June Jacobs by Jenni Frazer for the JC July 2018
In the 80s and 90s, if you were at a Jewish public meeting and June Jacobs walked in, you knew you were in for a treat.
Inevitably, June’s contribution — from a defiantly left-of-centre perspective — raised the hackles of many present. Some, it is true, merely disagreed with her politically.
But many men at these meetings — and they were overwhelmingly male-dominated — seemed personally affronted that a woman — and a strikingly attractive woman, too, not someone they could write off with rude jokes or gestures — had the temerity to be intelligent, too.
It is a measure of June’s extraordinary reach that among those her family first chose to apprise of her death were Palestinian politicians and a strictly Orthodox rabbi — all of whom, I am sure, will equally mourn her.
I first encountered June — and there was nothing grand about her, she was always “June” rather than “Mrs Jacobs” — at a Soviet Jewry event at St Martin’s-in-the-Fields. Playwright Tom Stoppard was there, I think, giving a reading; and members of the 35s, the Women’s Campaign for Soviet Jewry, were there, too.

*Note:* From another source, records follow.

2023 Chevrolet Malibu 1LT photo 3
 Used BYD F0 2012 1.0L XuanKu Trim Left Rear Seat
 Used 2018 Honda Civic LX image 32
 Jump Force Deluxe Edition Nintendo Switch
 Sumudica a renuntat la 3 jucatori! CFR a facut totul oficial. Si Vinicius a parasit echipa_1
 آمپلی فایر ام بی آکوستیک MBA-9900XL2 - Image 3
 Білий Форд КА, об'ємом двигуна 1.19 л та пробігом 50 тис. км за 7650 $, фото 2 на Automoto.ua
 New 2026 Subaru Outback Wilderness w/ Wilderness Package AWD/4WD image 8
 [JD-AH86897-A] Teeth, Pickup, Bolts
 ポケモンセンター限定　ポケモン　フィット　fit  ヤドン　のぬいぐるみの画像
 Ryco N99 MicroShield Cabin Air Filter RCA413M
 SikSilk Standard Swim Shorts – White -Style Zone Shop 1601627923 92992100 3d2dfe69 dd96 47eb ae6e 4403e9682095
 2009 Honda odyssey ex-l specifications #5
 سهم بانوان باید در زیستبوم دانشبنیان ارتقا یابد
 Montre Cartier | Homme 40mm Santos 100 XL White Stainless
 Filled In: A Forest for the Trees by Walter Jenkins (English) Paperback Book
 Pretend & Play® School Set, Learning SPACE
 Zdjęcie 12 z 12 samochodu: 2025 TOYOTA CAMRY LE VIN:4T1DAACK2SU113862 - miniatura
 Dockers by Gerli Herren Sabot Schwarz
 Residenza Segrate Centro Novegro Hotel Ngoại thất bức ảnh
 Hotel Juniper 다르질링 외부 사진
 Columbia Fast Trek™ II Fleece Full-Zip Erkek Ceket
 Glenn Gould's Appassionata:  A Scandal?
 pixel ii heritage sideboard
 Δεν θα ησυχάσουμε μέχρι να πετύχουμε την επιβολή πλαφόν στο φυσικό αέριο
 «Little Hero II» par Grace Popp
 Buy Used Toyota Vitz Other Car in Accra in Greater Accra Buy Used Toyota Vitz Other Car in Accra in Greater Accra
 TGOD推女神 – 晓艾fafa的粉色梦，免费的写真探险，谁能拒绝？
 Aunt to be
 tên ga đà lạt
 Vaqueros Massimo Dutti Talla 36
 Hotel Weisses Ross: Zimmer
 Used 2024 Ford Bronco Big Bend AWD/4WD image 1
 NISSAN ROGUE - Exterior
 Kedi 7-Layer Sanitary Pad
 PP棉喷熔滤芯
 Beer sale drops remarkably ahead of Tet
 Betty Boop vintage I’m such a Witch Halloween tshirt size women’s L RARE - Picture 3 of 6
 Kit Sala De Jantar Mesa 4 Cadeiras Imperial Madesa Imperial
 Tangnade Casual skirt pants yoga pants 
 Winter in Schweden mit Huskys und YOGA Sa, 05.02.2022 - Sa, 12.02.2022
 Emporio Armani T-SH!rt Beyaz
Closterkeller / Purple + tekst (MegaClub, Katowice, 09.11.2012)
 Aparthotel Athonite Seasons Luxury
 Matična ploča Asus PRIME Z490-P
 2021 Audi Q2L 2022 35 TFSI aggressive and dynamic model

June was founder and first chair of the National Council for Soviet Jews and was on familiar terms with every refusenik you could think of, regularly travelling to Moscow and Leningrad to meet and help those who desperately wanted to leave.
But even after the success of the Soviet Jewry campaign, when she became president of the International Council of Jewish Women, her heart, I think, was with Israeli politics and the peace camp of the left.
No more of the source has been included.